Give the listing again exactly, omitting its images.

GIVEN DATA.
━━━━━━━━━━━━━━━━━━━━━━━━━━━━━━
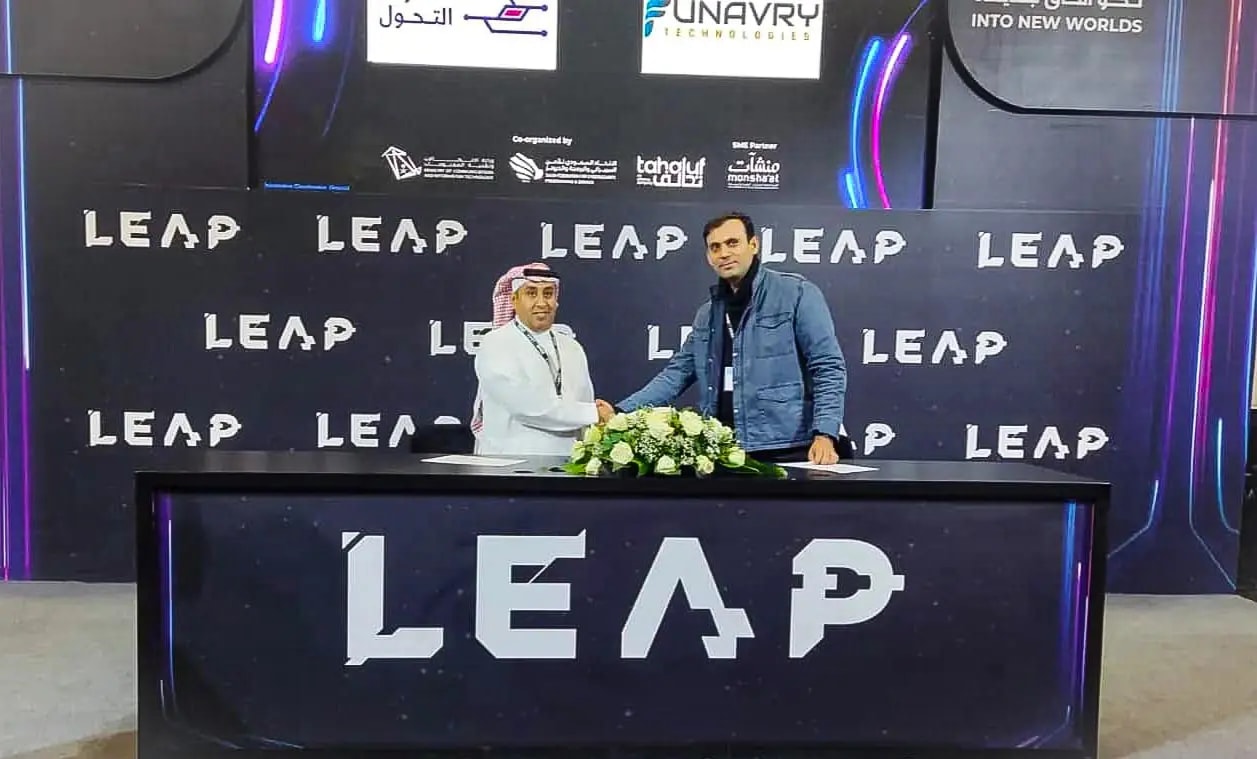 Two people shaking hands at a signing table under LEAP and Funavry branding at the LEAP technology event
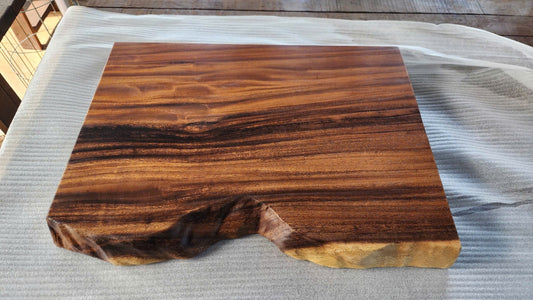 Finished live edge wood slab with dark streaked grain, a pale sapwood band and a natural curved edge, resting on protective foam in the Woodfurnist workshop in Da Nang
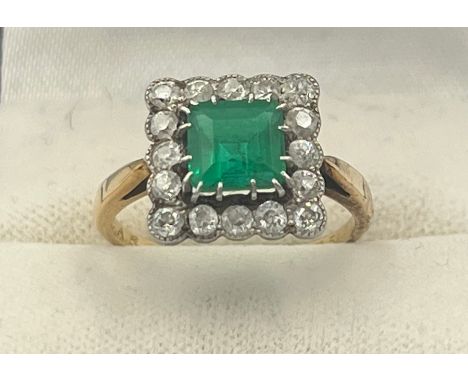 A square cut emerald and diamond ring set in unmarked yellow and white metal. Head size approximately 11cm x 11cm. Weight 3.8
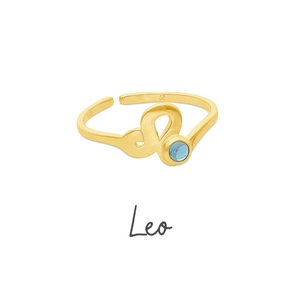 Macro shot of gold Leo zodiac ring with blue zircon stone and S925 engraving detail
━━━━━━━━━━━━━━━━━━━━━━━━━━━━━━
SOLUTION FOR THIS EXERCISE.
 Two people shaking hands at a signing table under LEAP and Funavry branding at the LEAP technology event
 Finished live edge wood slab with dark streaked grain, a pale sapwood band and a natural curved edge, resting on protective foam in the Woodfurnist workshop in Da Nang
 A square cut emerald and diamond ring set in unmarked yellow and white metal. Head size approximately 11cm x 11cm. Weight 3.8
 Macro shot of gold Leo zodiac ring with blue zircon stone and S925 engraving detail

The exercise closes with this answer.